I had two realizations as a kid with a disability. The first, that I had a disability and always would, practically came without thinking. Having cerebral palsy was the only reality I’d ever known. The second was much more difficult: that I was different in ways that mattered. You may be thinking, “So what? You are who you are! It doesn’t matter!” But that thought entirely discounts the very distinct experience of being disabled in a world that quite frankly, is not built for us. Of course, it matters. It matters when I have to call ahead to make sure a restaurant has a ramp. It matters when people on the street don’t want to stare at me, so instead they don’t look. And it mattered that fall, when I boarded the school bus for the first time. That autumn morning, I learned that “people like me”—students with disabilities—go on separate buses. We rode “the short bus,” while the other kids piled on “the big bus” at the bus stop down the street. In principle, segregating students with disabilities for transit to school is wrong. For folks with disabilities, that little bus is likely one of the most universally recognized symbols of oppression.

But here’s where things get complicated. Wrapped up in its many layers of dust, broken seatbelts, squeaky lifts, and bizarre detours, I found something I needed—community. When I rolled onto that bus, my peers understood my perspective. Though most of my fellow riders had cognitive disabilities, we found so much common ground. I often say that sometimes you just need to talk to someone who’s “in the same boat”…or should I say bus? Our ragtag tribe aboard that little yellow vessel, from kindergarten all the way to 12th grade, gave me that. While I’ll always be grateful for my opportunity to be educated in a mainstream classroom, being different all day is exhausting. On the bus, I belonged, easily and naturally. We could talk freely about what color to get on my next wheelchair, joke about whose aide was the most annoying, and vent about getting accommodations set up at the testing center. When high school came around and most of my non-disabled peers swapped their seats on the bus for rides in their cars, it was difficult to cope with the reality that I may never drive. But on the “short bus,” my fellow riders were beside me in the struggle. Although I would love to drive someday, I would never swap the quirky and wonderful troupe that gave me my first little taste of disability pride for anything. When the bus was late or didn’t show up, I learned to advocate, and quickly became the thorn in the dispatcher’s side. I learned to find camaraderie with people who had all types of disabilities.
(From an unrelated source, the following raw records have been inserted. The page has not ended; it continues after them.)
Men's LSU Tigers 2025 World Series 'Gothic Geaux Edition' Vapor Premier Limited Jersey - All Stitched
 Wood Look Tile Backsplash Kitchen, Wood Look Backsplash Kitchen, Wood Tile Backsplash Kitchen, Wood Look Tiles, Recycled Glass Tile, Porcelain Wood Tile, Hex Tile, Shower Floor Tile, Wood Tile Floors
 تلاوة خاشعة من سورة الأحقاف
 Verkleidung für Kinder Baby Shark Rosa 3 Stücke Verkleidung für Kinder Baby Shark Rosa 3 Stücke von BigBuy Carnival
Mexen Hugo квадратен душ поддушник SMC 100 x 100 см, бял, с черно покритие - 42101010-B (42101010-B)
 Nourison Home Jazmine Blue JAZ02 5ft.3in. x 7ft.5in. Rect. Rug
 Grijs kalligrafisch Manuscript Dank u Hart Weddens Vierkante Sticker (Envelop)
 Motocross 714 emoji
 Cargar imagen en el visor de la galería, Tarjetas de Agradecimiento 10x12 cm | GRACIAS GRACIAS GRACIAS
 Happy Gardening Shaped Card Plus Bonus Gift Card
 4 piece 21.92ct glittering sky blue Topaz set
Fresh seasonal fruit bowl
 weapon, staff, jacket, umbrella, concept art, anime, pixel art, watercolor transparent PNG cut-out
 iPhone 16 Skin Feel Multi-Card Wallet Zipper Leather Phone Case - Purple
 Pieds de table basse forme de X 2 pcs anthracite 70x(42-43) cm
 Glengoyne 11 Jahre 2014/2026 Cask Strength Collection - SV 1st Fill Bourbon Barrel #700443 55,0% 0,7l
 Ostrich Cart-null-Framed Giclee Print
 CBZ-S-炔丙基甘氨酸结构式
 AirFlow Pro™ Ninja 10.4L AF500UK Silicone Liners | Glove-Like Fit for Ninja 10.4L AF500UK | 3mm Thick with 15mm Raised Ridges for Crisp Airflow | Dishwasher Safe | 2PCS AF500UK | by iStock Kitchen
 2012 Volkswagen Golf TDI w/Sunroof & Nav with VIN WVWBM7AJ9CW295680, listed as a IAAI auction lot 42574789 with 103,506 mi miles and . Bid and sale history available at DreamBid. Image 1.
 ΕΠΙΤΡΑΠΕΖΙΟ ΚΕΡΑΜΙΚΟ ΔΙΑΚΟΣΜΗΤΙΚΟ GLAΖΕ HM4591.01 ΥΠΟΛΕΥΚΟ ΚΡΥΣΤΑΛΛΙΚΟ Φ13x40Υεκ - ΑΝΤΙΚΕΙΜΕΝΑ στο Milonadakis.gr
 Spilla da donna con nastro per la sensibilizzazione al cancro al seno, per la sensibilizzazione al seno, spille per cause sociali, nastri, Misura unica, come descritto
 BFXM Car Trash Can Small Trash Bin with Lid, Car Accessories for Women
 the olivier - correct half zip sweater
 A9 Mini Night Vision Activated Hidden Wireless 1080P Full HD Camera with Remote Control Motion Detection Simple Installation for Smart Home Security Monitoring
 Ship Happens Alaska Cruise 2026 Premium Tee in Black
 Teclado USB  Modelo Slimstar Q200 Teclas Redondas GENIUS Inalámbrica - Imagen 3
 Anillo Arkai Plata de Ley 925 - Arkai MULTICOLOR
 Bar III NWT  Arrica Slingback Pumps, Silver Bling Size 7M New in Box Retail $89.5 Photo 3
In turn, I learned to reject the hierarchy built on the lie that people with physical disabilities are not like those with cognitive disabilities who are not like those with psychiatric disabilities. We need each other, today and always. People often throw around the “short bus” as a derogatory term, but I have chosen to reclaim it. It belongs to me, and all the ones on the bus beside me, who were not and will never be short on talent, heart, or spirit. I’ll close by addressing the bus directly, as I did in a letter stuffed in the seat on my very last day of high school.

Dear short bus, I hated your lateness that would never happen on “the big bus.” I hated the way your drivers called me “the wheelchair.” I hated the way you illustrated that some people will always think of disabled folks as “less than.” Sometimes, I am overwhelmed by the ableism in the world that you made abundantly clear. When your muffler fell off in the middle of the road, you really pushed the envelope. From you, I learned the harm of segregation. But I also learned the power of solidarity, and for that I’m always grateful.

As I said earlier, it’s complicated; but I love you and I think I always have. You carry my afternoon memories of reading “Arthur” to another kid over and over again. You carry my seventh grade angst, the beginning of my advocacy, a few of my secrets, so much of my dark humor, and OK, a little piece of my heart. Let the next kids to ride you learn to be proud. And tell them that a woman who was once a little girl in a tiny blue wheelchair is rooting for them.